When Los Angeles Times photographer Wally Skalij photographed a tiny owl sitting on the beach in Malibu as the flames of the Woolsey Fire burned in the background, he had no idea how many people would connect with the image.

Since the Times published the photo, it's been shared thousands of times on social media. The owl and other photos Skalij made — three llamas tied to a lifeguard stand, a father and daughter sifting through the ashes of their home, a firefighter peering over a concrete wall as a torrent of flames rises in front of him — are eerie and otherworldly, capturing the surreal nature of a world consumed by fire.

At least 82 people have died throughout California since the Woolsey Fire and the Camp Fire in northern California broke out earlier this month, destroying at least 250,000 acres of land. As of Tuesday, more than 600 people are still missing.

Skalij has worked for the Los Angeles Times for 26 years and has photographed many wildfires. But he says there was something different about the Woolsey Fire.

"This one feels different for the sheer size of it," Skalij says. "I've covered previous fires in Malibu, and they are usually around 20,000 acres, 25,000 acres. But this one grew to 100,000 acres. And it just felt massive, it just felt more devastating."

Skalij, who headed to the Woolsey Fire immediately after covering the mass shooting at the Borderline Bar & Grill in Thousand Oaks, discusses what it's like to document tragedy and how to find the most powerful image.

This interview has been edited for length and clarity.

When covering something as big as the Woolsey Fire, how do you end up [homing] in on a specific image such as the owl on the Malibu beach?

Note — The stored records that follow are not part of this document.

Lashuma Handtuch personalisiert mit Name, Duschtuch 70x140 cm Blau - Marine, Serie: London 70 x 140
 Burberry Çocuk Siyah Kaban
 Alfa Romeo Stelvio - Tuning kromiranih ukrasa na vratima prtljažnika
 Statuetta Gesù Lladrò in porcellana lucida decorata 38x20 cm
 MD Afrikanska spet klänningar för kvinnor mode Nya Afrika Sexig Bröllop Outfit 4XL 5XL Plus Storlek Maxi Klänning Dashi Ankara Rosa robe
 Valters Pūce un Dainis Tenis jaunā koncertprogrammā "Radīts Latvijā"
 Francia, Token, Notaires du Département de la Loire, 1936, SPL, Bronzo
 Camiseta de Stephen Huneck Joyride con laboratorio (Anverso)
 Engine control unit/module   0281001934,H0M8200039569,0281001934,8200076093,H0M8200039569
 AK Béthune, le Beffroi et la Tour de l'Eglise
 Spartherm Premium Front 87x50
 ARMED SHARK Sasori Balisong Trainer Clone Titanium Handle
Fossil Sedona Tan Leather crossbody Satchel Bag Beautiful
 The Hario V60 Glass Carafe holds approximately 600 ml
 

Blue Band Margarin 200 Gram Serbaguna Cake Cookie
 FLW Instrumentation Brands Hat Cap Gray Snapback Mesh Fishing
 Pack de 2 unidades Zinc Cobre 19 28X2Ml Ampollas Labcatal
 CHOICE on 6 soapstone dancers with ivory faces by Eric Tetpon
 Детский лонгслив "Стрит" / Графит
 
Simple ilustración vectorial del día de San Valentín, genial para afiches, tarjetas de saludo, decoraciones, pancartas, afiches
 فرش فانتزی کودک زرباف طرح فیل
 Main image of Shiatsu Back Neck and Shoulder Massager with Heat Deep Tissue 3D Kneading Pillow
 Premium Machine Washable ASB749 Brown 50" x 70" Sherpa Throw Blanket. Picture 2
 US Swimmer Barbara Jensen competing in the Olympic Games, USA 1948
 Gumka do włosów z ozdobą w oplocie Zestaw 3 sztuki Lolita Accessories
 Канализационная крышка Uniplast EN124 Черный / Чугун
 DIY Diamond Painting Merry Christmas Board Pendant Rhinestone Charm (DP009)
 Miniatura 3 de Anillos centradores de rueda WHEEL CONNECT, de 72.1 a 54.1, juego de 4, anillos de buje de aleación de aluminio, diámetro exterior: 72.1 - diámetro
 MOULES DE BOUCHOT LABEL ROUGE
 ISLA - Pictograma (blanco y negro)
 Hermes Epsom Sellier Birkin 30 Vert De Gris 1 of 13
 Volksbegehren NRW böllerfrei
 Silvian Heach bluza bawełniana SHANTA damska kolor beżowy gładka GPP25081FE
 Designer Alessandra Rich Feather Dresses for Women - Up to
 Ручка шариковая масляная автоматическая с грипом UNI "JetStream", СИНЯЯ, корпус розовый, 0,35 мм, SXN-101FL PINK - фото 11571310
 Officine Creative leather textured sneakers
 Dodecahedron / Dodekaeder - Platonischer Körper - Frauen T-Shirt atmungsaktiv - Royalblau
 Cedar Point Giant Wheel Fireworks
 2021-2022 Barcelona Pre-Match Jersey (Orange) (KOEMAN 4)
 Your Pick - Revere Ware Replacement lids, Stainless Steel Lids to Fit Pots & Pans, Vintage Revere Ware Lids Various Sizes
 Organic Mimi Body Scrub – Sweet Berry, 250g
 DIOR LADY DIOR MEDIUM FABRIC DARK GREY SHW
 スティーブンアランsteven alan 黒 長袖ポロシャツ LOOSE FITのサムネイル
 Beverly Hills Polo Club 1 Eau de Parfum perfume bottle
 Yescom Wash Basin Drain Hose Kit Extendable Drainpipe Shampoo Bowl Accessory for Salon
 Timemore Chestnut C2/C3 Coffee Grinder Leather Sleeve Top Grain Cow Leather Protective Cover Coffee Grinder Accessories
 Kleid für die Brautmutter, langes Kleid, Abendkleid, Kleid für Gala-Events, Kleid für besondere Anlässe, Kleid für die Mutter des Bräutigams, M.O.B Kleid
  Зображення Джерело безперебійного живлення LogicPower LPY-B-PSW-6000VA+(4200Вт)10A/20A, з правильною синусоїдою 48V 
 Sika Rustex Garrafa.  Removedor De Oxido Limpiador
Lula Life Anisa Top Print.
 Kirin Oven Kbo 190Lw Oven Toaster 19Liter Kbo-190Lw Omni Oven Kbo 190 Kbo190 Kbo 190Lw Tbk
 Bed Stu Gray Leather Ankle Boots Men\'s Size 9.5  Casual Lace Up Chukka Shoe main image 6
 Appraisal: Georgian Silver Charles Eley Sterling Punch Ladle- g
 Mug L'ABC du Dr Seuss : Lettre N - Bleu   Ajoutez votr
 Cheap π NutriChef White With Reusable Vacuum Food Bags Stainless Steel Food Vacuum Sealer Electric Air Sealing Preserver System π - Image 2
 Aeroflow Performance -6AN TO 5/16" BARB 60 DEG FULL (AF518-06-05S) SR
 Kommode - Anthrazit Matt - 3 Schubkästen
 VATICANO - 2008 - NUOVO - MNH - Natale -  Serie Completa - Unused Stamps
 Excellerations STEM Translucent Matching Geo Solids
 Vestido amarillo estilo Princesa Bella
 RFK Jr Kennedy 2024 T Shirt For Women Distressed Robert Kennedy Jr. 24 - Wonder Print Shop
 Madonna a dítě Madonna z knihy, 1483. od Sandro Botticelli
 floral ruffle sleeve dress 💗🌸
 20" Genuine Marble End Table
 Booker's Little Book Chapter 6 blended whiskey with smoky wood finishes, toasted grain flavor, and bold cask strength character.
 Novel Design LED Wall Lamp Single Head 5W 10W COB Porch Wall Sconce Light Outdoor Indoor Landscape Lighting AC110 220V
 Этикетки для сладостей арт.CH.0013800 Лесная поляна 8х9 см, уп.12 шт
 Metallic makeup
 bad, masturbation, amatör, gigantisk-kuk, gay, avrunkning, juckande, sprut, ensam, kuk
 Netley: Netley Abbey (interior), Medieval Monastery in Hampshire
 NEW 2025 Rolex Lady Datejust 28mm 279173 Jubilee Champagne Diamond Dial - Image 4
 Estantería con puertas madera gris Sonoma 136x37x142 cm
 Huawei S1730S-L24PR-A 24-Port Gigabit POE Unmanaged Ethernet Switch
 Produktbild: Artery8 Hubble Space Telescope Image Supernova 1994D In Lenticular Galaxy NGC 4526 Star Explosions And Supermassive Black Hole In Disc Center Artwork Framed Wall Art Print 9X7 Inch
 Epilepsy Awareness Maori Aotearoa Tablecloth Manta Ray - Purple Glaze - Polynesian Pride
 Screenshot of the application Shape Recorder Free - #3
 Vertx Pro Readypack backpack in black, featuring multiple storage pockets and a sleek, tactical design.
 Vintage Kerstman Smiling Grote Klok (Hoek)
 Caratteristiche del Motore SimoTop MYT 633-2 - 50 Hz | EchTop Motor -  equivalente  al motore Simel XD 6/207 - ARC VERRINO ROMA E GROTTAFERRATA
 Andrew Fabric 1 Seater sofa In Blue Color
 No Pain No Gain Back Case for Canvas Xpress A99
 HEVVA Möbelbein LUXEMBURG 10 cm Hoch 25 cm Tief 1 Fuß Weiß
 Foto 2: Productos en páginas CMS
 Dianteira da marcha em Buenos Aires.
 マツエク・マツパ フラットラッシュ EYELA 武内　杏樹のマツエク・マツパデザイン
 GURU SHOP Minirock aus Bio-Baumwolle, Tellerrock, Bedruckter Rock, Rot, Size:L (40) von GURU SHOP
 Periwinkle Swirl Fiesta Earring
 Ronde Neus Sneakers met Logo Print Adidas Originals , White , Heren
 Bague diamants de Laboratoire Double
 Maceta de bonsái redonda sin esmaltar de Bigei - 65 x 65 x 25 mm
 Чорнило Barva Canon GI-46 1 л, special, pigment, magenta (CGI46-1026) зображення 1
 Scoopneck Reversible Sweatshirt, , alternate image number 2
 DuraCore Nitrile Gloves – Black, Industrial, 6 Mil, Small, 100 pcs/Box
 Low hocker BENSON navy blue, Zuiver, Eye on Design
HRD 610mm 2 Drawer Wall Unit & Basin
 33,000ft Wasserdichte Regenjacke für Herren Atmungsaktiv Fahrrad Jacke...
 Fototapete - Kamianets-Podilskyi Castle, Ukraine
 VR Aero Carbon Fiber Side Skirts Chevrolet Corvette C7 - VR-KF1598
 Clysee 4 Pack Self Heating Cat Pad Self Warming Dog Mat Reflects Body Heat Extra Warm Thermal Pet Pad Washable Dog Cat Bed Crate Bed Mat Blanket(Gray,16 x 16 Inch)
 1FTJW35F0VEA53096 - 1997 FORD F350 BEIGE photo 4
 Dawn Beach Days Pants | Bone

When I cover a fire, I have to get ahead of the fire and have it come towards me, because that's usually where all the urgency is. I knew it was going to run towards the beach. And as I was coming down I saw horses on the beach, which we don't really usually see in California, so I went in that direction. And I noticed behind me — it looked like driftwood, but I looked a little bit closer and it turned out to be an owl, just lying there on the sand.

When you took the photo, did you know it was going to be shared so widely? Was there something in your experience as a photographer that said, "Oh yeah, this is really going to connect with people"?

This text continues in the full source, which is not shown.